With AI hype sweeping the stock market, you could probably guess that the technology sector will be the best-performing global equity sector this year. And you'd be right. But which sector is trailing just a little behind?
Call, text, email or otherwise message your broker. This is a funny index of what is called a “communication service” and is only six years old.
Never heard of it? You're not alone. So what is it and does it have staying power?
Communications services is a story of industry bifurcation, blending growing tech companies with traditional media and old-fashioned telecommunications companies.
Its predecessor was the telecommunications sector, which is typically defensive, highly regulated, boring, slow-growing, and completely uninterested in the economy with stable earnings, high dividends, and low volatility.
So these stocks lead the way in down markets. Consider this: Communications stocks in the S&P 500 have outperformed the broader index in four of the five bear markets since 1990. The exception was 2000-2002, when dream stocks like WorldCom, Global Crossing and Lucent collapsed spectacularly.
But rigidity is a double-edged sword. Communications stocks have badly lagged in four of the past five bull markets. The average performance? A whopping 128%. Since their October 2022 lows, the S&P 500 and World Telecom have returned less than half the gains of the broader indexes.
But in 2018, index providers S&P and MSCI made a recalibration, perhaps somewhat quietly, that shook up the way investors approach many of these companies.
So, some of the biggest companies in Silicon Valley decided they weren't even in the tech industry anymore — they were 21st century communications companies that made their money from advertising rather than hardware or software. Their solution?
It will combine several large technology companies, media companies and defense communications firms to create a new “communications services” division.
Communications is no longer just about telephone lines, wired or wireless. It also includes search engines, social media, streaming, and online commerce. The traditional communications industry now accounts for just 17% of the new sector's market capitalization, and even less in the US.
Meanwhile, the Interactive Media & Services industry dominates the global market with 62% of the market share, and almost all of it, 99%, is American. You may recognize big names like Meta and Google's parent company, Alphabet.
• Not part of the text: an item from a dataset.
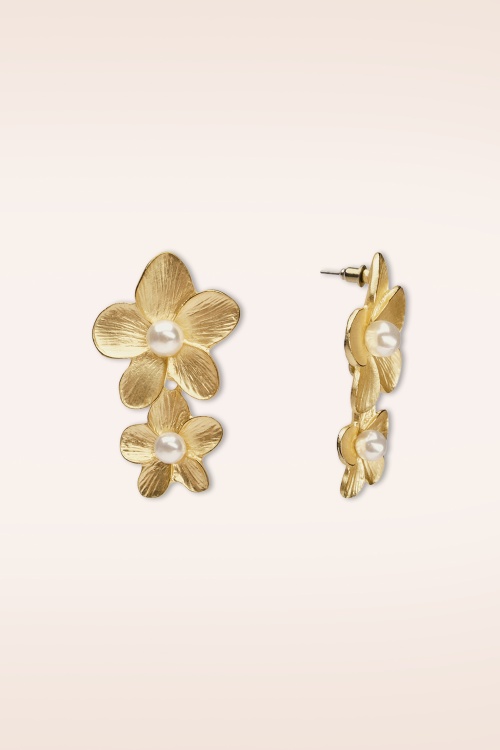 Lovely - Golden Blossom Stud oorbellen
But it also includes online hiring, web-based car buying and selling companies, and more.
Communications services also includes the entertainment industry, which makes up 15% of market cap and is home to the major streaming and gaming companies (also tech!), while the remaining 7% is media, which includes cable providers, TV networks, and advertisers.
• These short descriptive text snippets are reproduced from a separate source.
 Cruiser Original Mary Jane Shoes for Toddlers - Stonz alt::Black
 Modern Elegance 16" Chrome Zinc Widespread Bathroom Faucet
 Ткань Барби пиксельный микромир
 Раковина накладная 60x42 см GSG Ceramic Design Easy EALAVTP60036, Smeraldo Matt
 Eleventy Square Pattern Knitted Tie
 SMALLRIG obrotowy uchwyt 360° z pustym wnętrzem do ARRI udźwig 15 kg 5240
So much of this diverse sector behaves like technology companies: low to no dividends, low barriers to entry, gross operating margins (GOPM in accounting terms), heavy reinvestment in innovation, buzzworthy services, and big growth.
These tech-like trends will drive returns in bull markets, including in 2024. That led MSCI World Communication Services to a 19.3% overall return, led by a 29.9% surge in Interactive Media & Services stocks, beating the 25.5% return of tech stocks and well ahead of the 11.4% return of global stocks overall.
Entertainment companies in the sector are also up 14.1%. However, the communications sector has struggled, with wireless and diversified communications up just 7.9% and 2.2%, respectively. All of the parallel trends date back to October 2022, when this bull market began.
Few saw this coming after tech and communications services stocks were hit so hard in 2022. But sentiment has escalated too much, and the market is looking ahead to a brighter reality, spurring the rally.
Stocks had been pricing in a 46.3% rebound in the sector's first-quarter profits.
So will communication services continue to lead? Yes and no. Communications will not lead until the next recession. As the bull market progresses, the tech-related parts of the sector should shine as companies go on the offensive after two years of defensive cost-cutting. Their enviable GOPMs (see above) make growth self-financing and interest neutral. The advertising market, central to many of these companies, should also reinvigorate.
Bottom line: Diversify into offensive industries. Stay away from defensive industries.
Ken Fisher is founder and chairman of Fisher Investments, a four-time New York Times bestselling author and writer of regular columns in 21 countries around the world.